#### What the task requires:
Beginning with the line of the entries below that holds "BORSA DI BAG" and ending with the line that holds "2026 Ford F-250", transcribe each line exactly as written. Pictures stay out.

#### Entries provided:
>>>

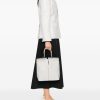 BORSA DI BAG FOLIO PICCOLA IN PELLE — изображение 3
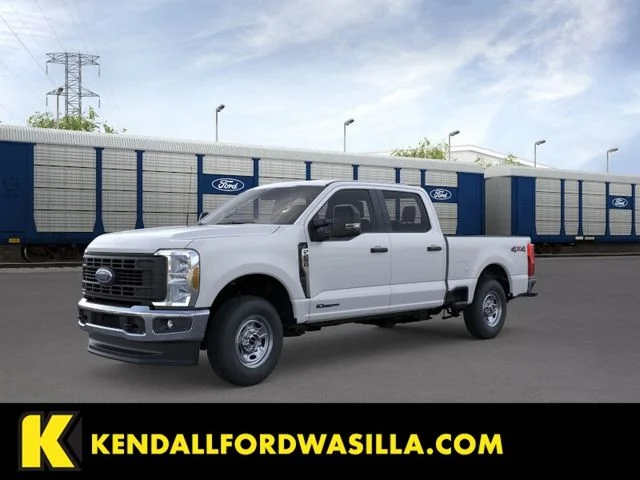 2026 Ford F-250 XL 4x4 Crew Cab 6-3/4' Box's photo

<<<
>>>

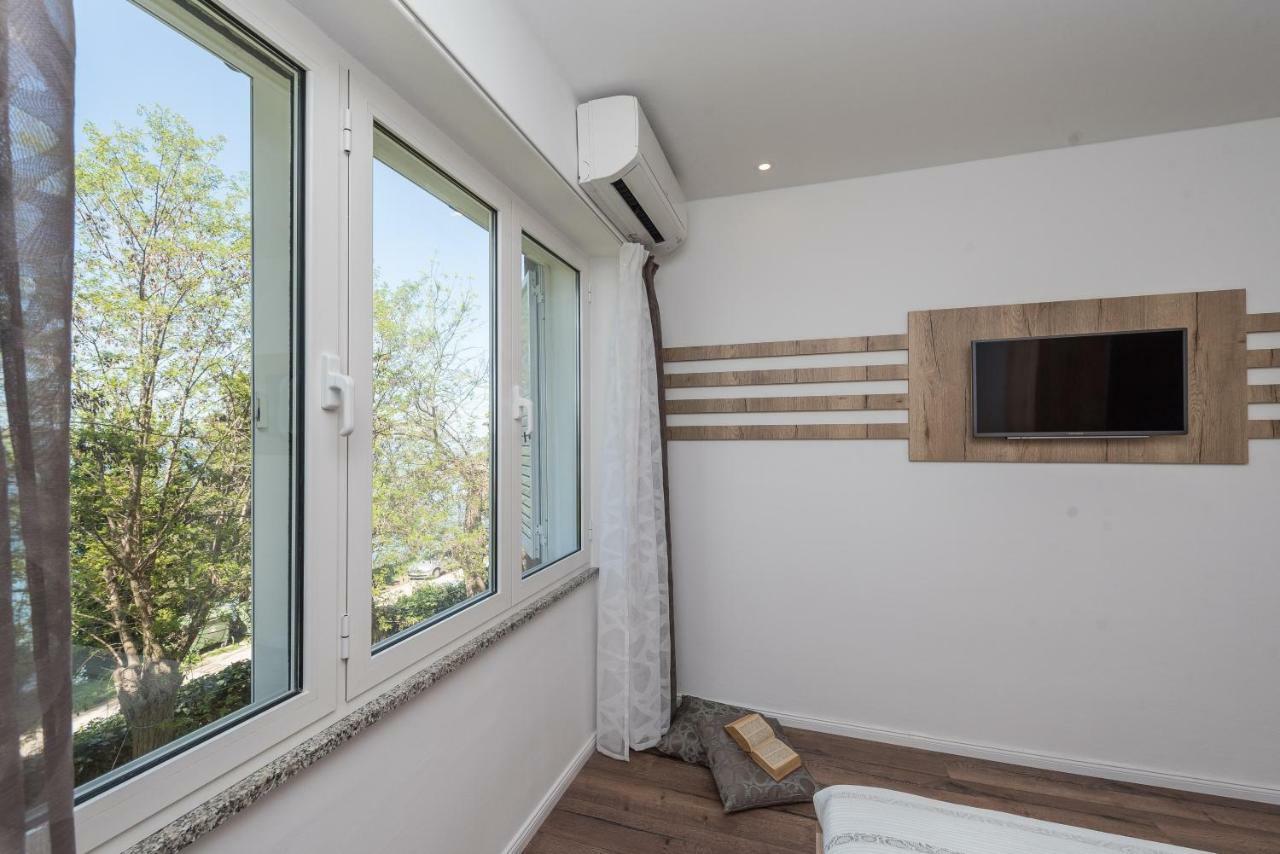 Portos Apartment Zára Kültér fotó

<<<

#### Task response:
 BORSA DI BAG FOLIO PICCOLA IN PELLE — изображение 3
 2026 Ford F-250 XL 4x4 Crew Cab 6-3/4' Box's photo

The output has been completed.